My aunt has been visiting, and she and my mom were going to cook dinner and serve it for everyone yesterday. I suggested my house instead of mom’s small apartment, since it’s bigger and more room for everyone to move around and the kids could swim while they cook and play instead of getting fussed at. So the two women came with food in hand and I took the 8 and almost two year old and we went to play.
Mom came out and asked “where are your pans?” “Face the stove, on your left.”
“Where is the “aluminum foil?” “Face the sink, second drawer down.”
This went on all afternoon, as she needed various items in my kitchen and pantry. I was able to not only tell her they were in the pantry, but what shelf and what side of the pantry. My mom and my aunt are not organized women. I love both of them, but they would have had to hunt in their own kitchens for those items before they could have told me where they were. Because I keep my kitchen well organized, I was able to continue playing with my two little cousins and didn’t have to go into the kitchen to find a single thing all afternoon. It felt really good.
Now sure, keeping a house well organized is work. I’ll be the first to admit it takes work, time, and attention. But it does have payoffs.
1) It saves time and money: I only own 1 of each item, because each item in my house has a place and it stays in it’s place. So I don’t need several versions of that item, because I can never find it. This not only saves me money, it saves me time, because I am not always looking for the item.
2) It eliminates stress. Instead of searching and searching for an item and then giving up and sending a teenager to the store to buy it, I knew where the item was. (Yes, even my egg plate. LOL) It’s stressful to always be searching for items you can’t find.
3) It eliminates clutter. If I only have one of each item and they each have a place, then I have less items, hence less clutter. I live in a large house. I have plenty of room. But I have very little stuff. I have plenty of furniture for each room, but not a lot of clutter. My office probably is the most cluttered, because it houses my genealogy books, and photocopies, plus all the guinea pig stuff.
4) It eliminates debt. Purchasing something you already own, because you can’t find it, causes debt. When my mother moved she had 4 copies of the same CD, all still in the shrink wrap. She’d never listened to it at all, because she could not find it and she kept forgetting she owned it. Having a place for it would have meant that she would have listened to it and not repurchased it. It would have meant about $40 in her pocket too.
5) It eliminates anger. Not only does the person who lives with too much stuff stay angry, because they can’t deal with the frustration of never finding anything, but the people who eventually have to deal with the stuff when they die or go into a nursing home, or a small living space have to deal with a lot of anger. It’s a life wasted on stuff. Purchasing stuff instead of living life.

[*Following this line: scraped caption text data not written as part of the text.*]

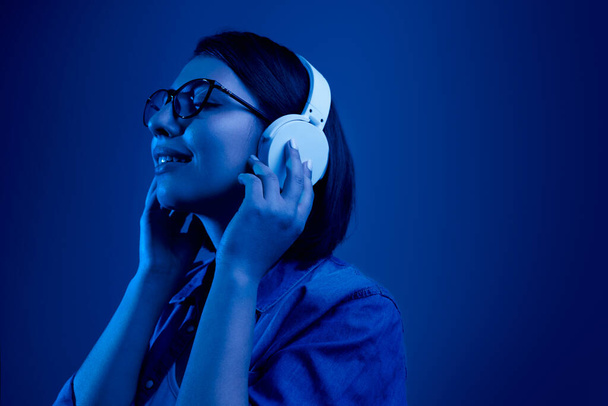 Relaxed woman in headphones enjoying music - Photo, image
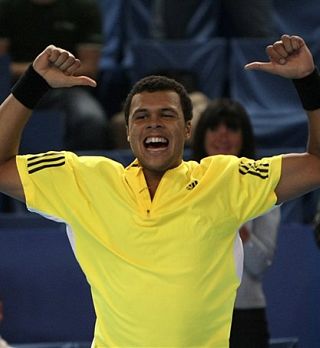 Tsonga še enkrat več boljši od Djokovića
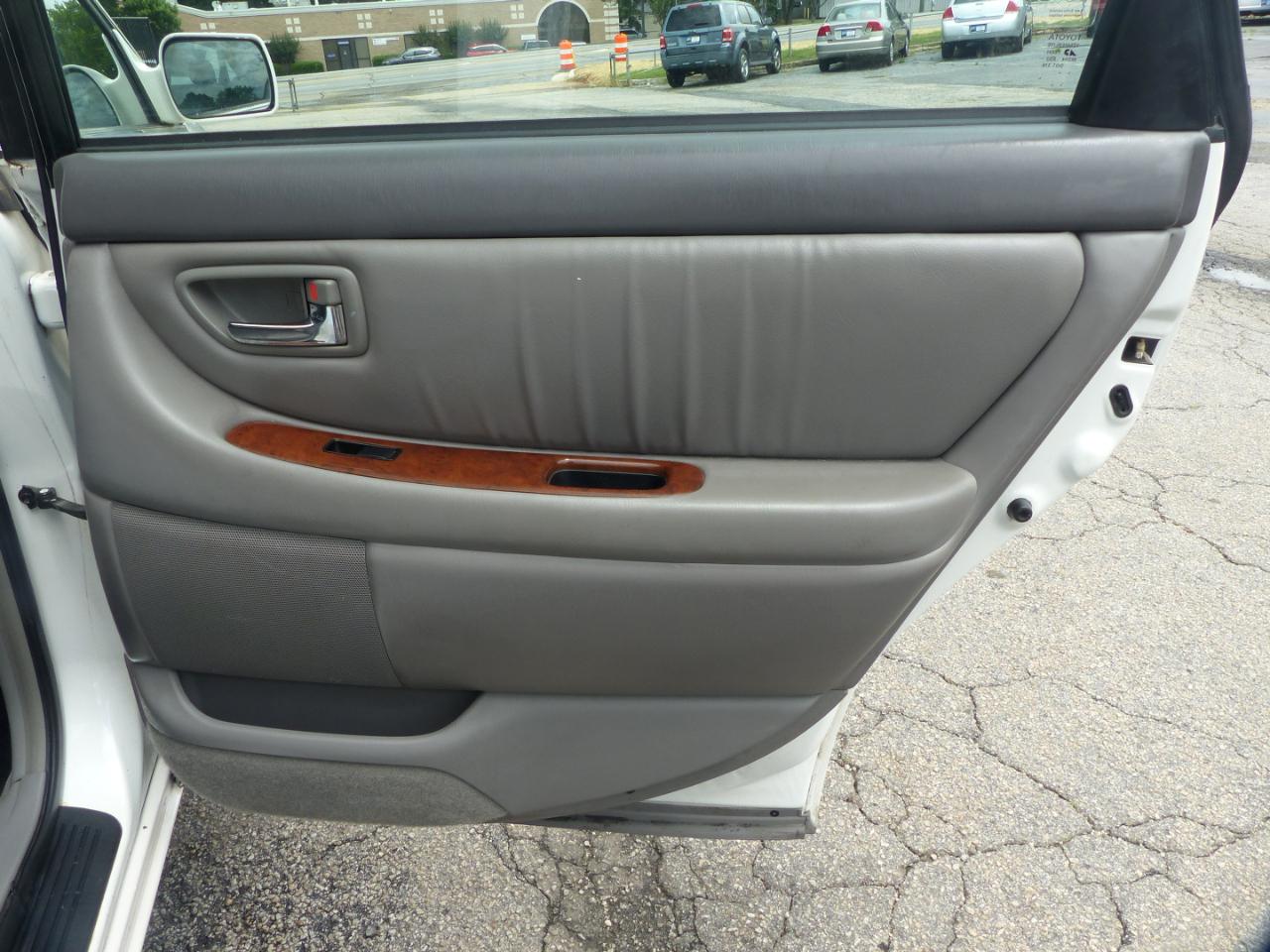 Toyota Avalon XL 2004
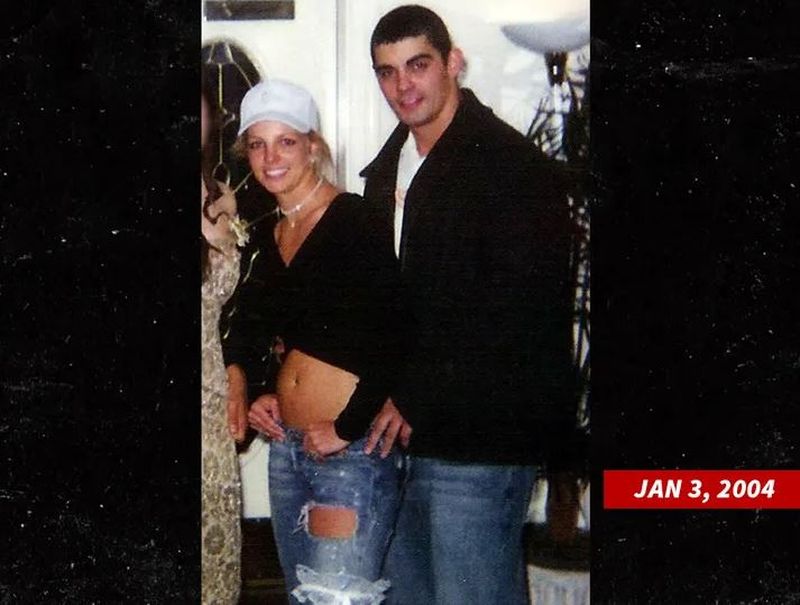 Fostul soț al lui Britney Spears, Jason Alexander, va fi judecat pentru infracțiune după ce a dat buzna la nunta artistei cu Sam Asghari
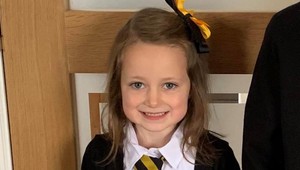 FOTO dievčatka po prvom dni v škole spôsobilo ošiaľ medzi rodičmi: Aj vy ste si svoje dieťa podobne nafotili?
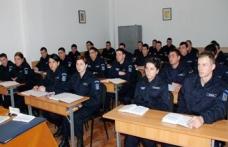 Elevi ai Şcolii Militare de Subofiţeri Jandarmi Fălticeni în practică la Dorohoi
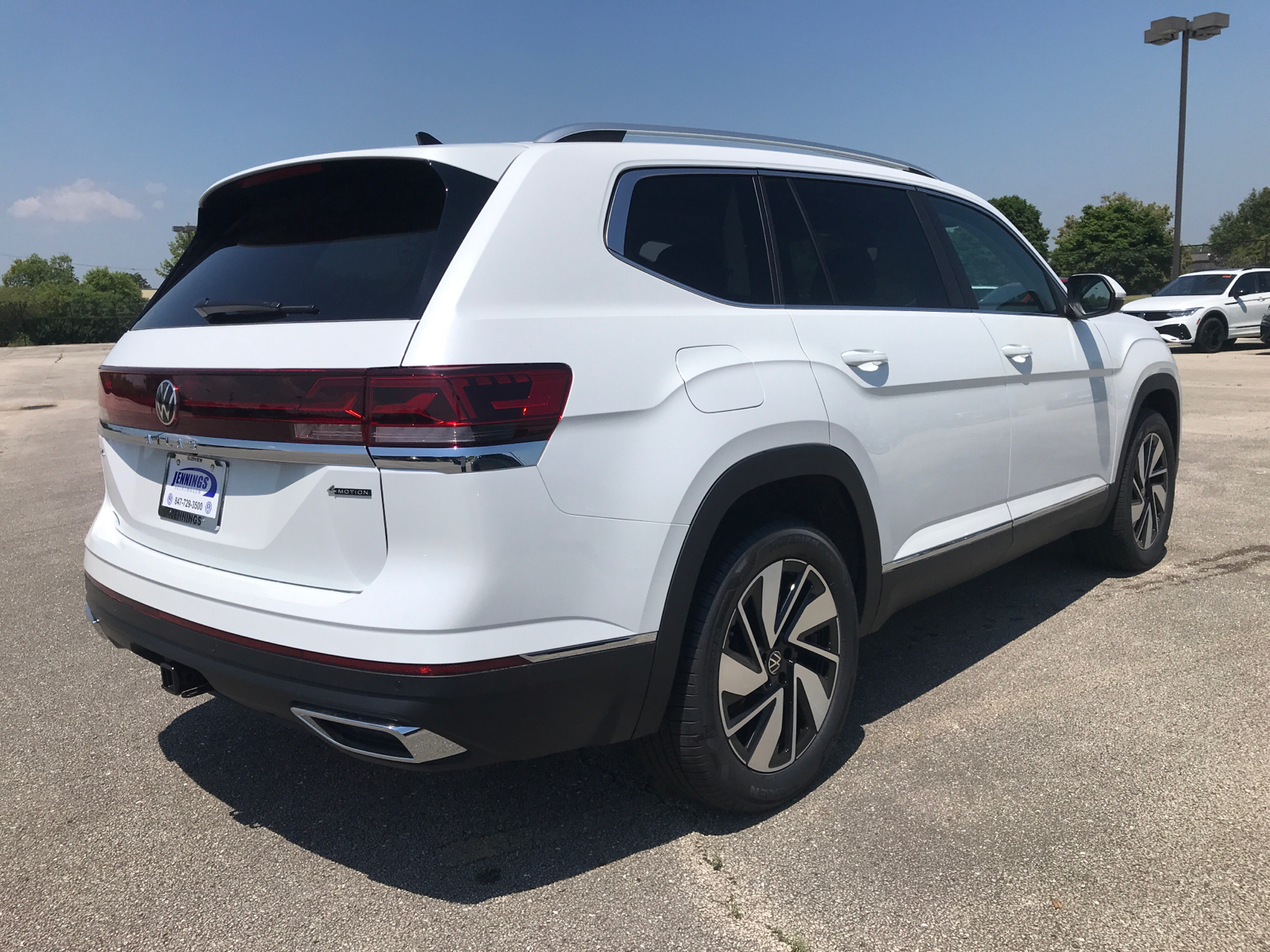 2024 Volkswagen Atlas 2.0T SEL 3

I am not opposed to owning things. I own beautiful things. My great grandmother’s platter hangs on my kitchen wall. It has all the scratches from numerous meals she served her family. My husband’s grandmother’s corn bowl is in my cabinet. I serve corn in it almost every night, just like she did. My mother’s beautiful quilts adorn my children’s beds every holiday, a reminder of a time when she had too much time on her hands and a lot of stress to deal with and she sewed to deal with it. The antique sewing machine my dad redid just for me, because he knew I loved beautiful things. It’s a trestle sewing machine and it still works. A beautiful dresser I bought at a consignment shop to store the kids school supplies in. It’s absolutely gorgeous. You see each of those things have meaning to me and they take up room in my house.
But what doesn’t take up room are clothes that no longer make me look nice. If they don’t fit or are torn, I get rid of them, they may look nice on someone else. Toys the kids no longer play with go as well. Some other child may play with them. I did keep some special toys, legos, a dollhouse, hotwheels, for my grandkids and for when I have kids come to visit. They’ve come in handy this week.

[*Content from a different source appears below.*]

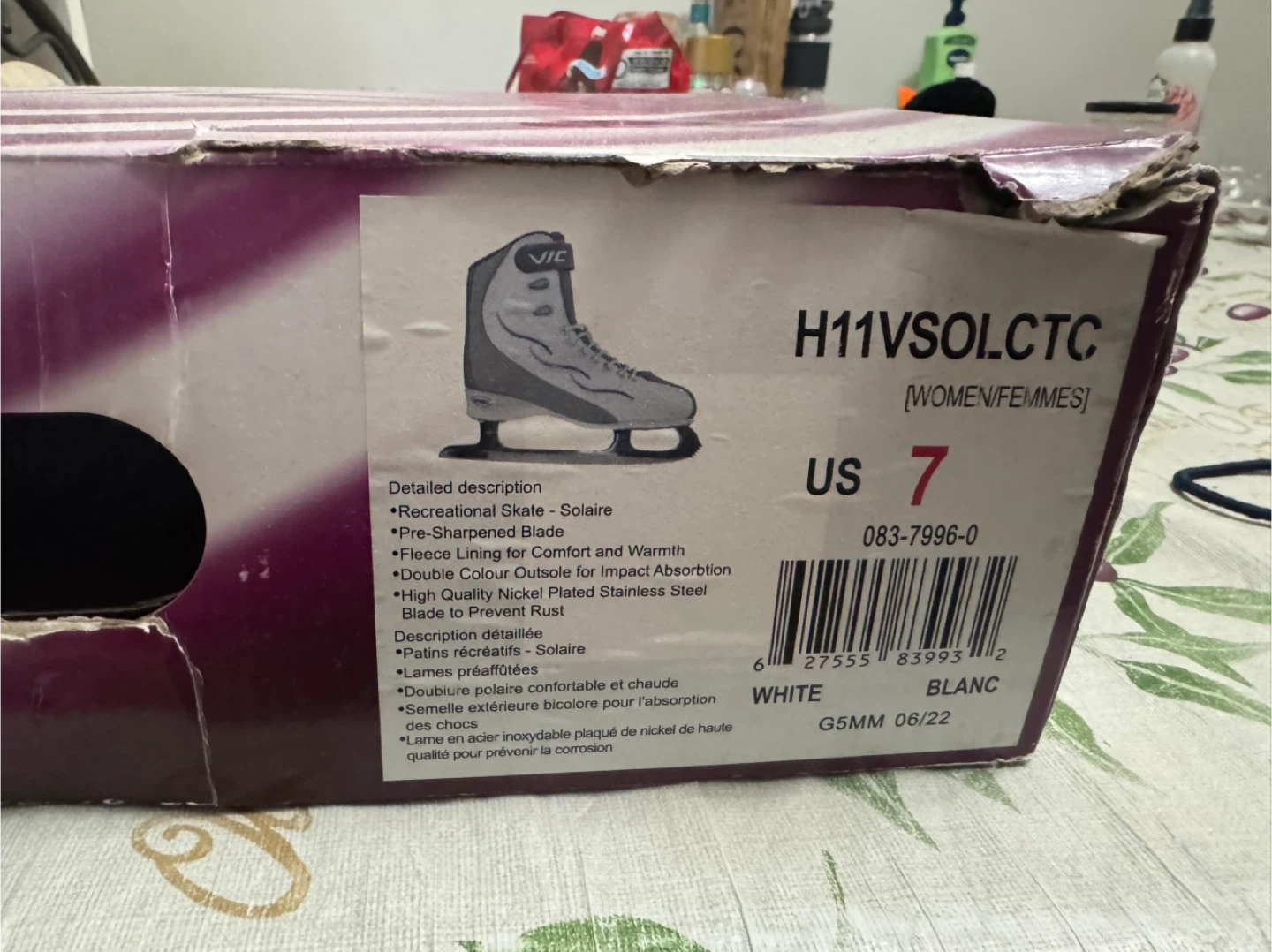 VIC Recreational Ice Skates - Women's Size 7 - photo 2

Once you get rid of the things that you don’t need and that aren’t beautiful any more, then you can make room for the things in your life that are. My house is very sparsely decorated. On the walls are ancestors pictures, and a few clocks that I grew up hearing cuckoo. They don’t work anymore, but are still gorgeous works of art.
Yup, it’s nice to be able to tell exactly where everything in your house is. Yes, I have three kids, so sometimes they aren’t there when I go looking. I admit, sometimes I have to holler and say, “Who has my scissors!” But at least I know they are missing. And it feels good to put the item back in its place…
It also feels good to be able to get up in the middle of the night and walk around in the total darkness of my house without tripping. I know where all the furniture is and there’s nothing in the floor to fall over. Because the rooms are mostly open spaces, I can walk freely, even in the middle of the night. That feels really good and safe.